** The task **
Starting at the first line of the data, print every line up to and including the one with "Custom Color: @TFrontals", but no pictures.

** Provided information **
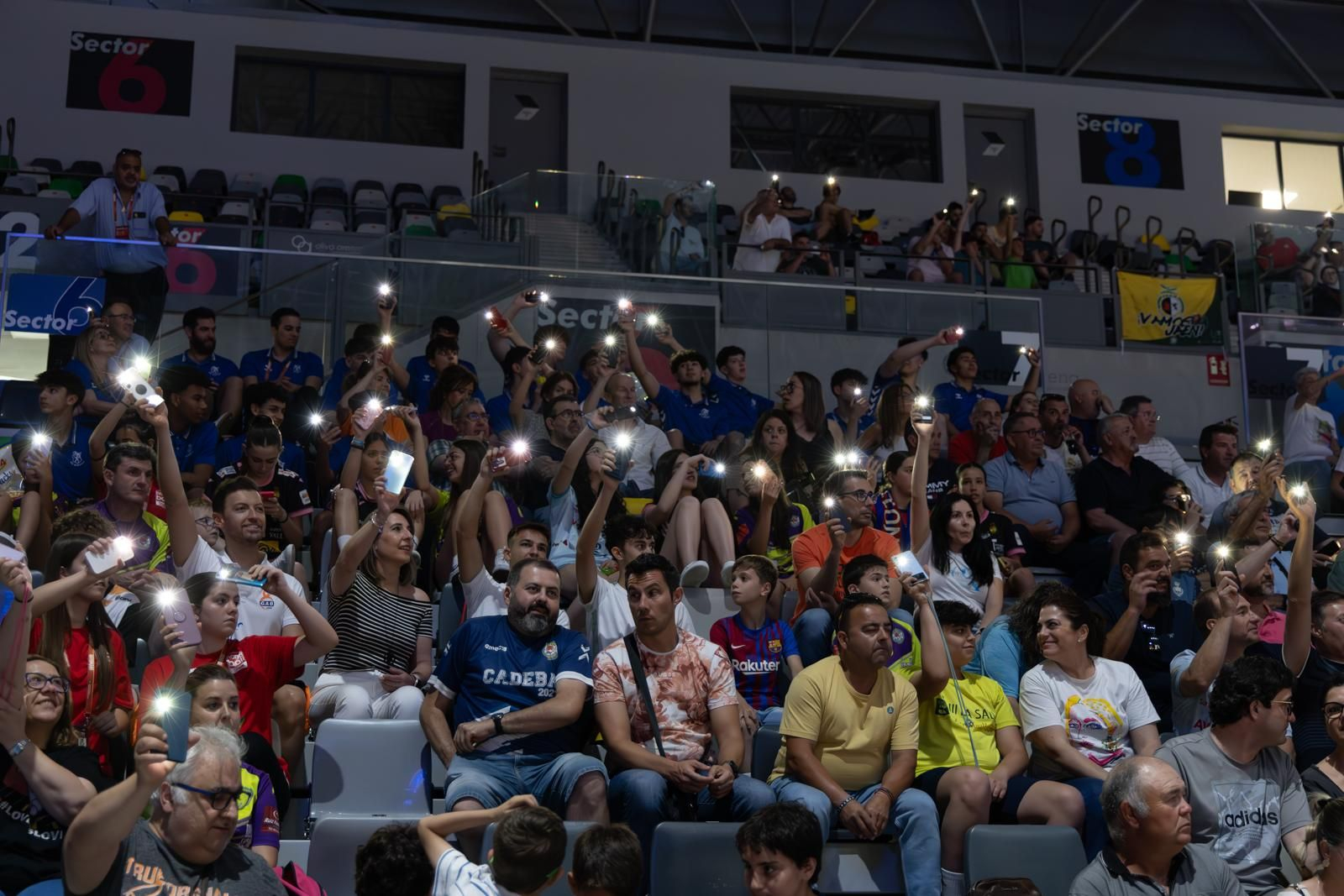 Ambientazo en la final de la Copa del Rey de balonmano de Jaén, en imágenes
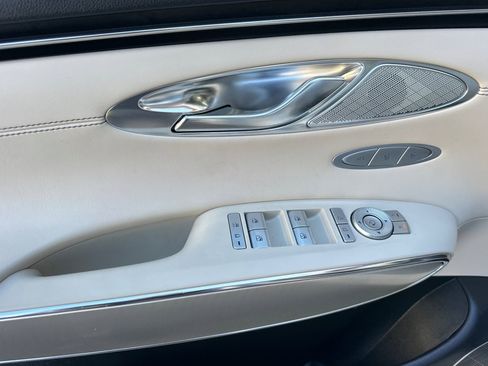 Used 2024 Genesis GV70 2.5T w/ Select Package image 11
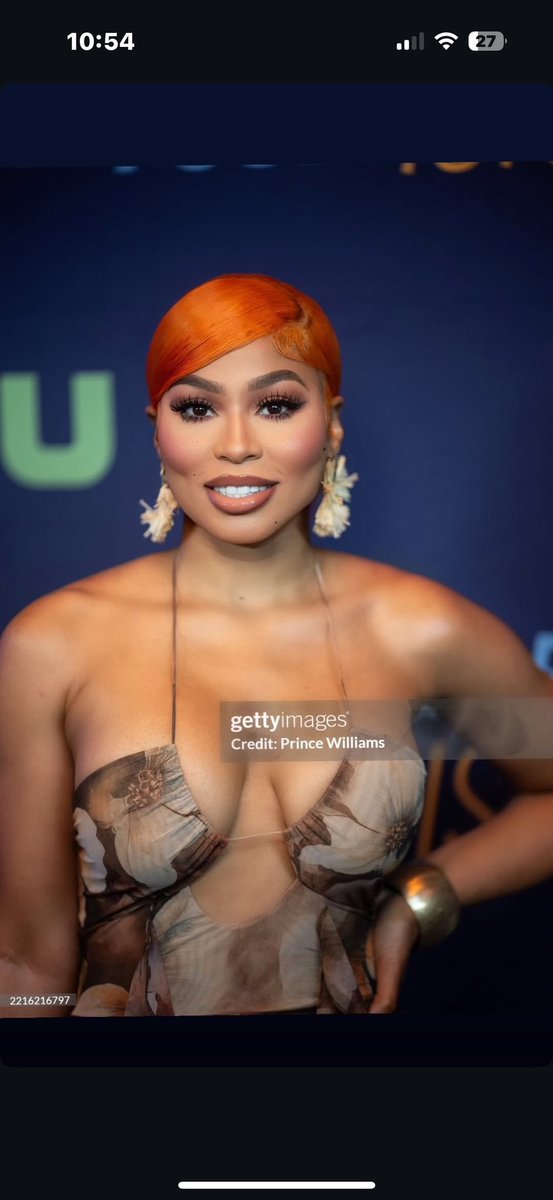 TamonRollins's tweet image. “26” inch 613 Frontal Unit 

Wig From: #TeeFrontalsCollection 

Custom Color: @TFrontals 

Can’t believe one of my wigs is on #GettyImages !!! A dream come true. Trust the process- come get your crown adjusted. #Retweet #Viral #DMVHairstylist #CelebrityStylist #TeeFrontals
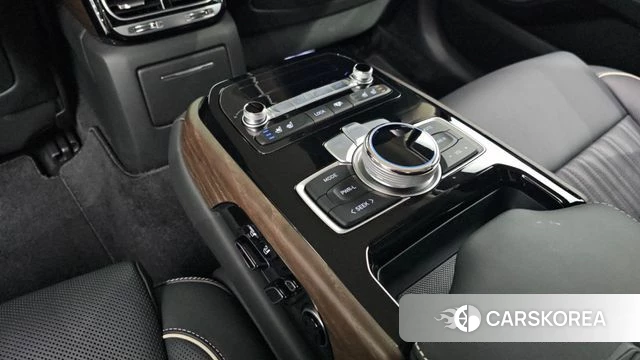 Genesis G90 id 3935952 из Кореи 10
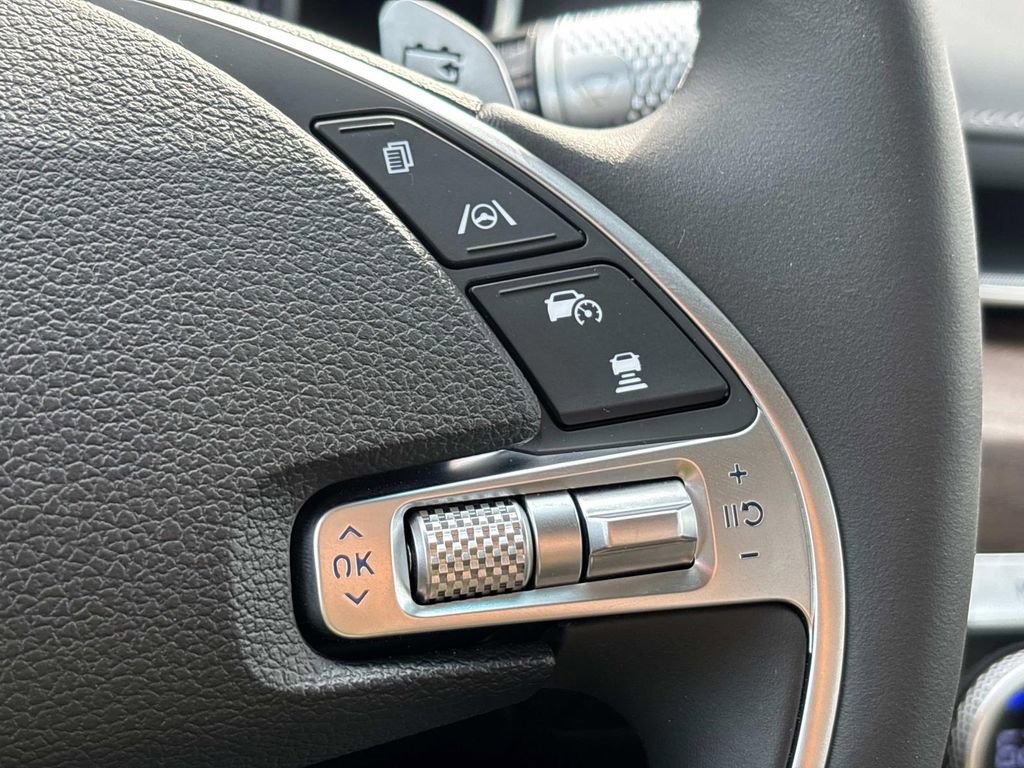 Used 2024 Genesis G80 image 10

** Exercise output **
 Ambientazo en la final de la Copa del Rey de balonmano de Jaén, en imágenes
 Used 2024 Genesis GV70 2.5T w/ Select Package image 11
 TamonRollins's tweet image. “26” inch 613 Frontal Unit 

Wig From: #TeeFrontalsCollection 

Custom Color: @TFrontals 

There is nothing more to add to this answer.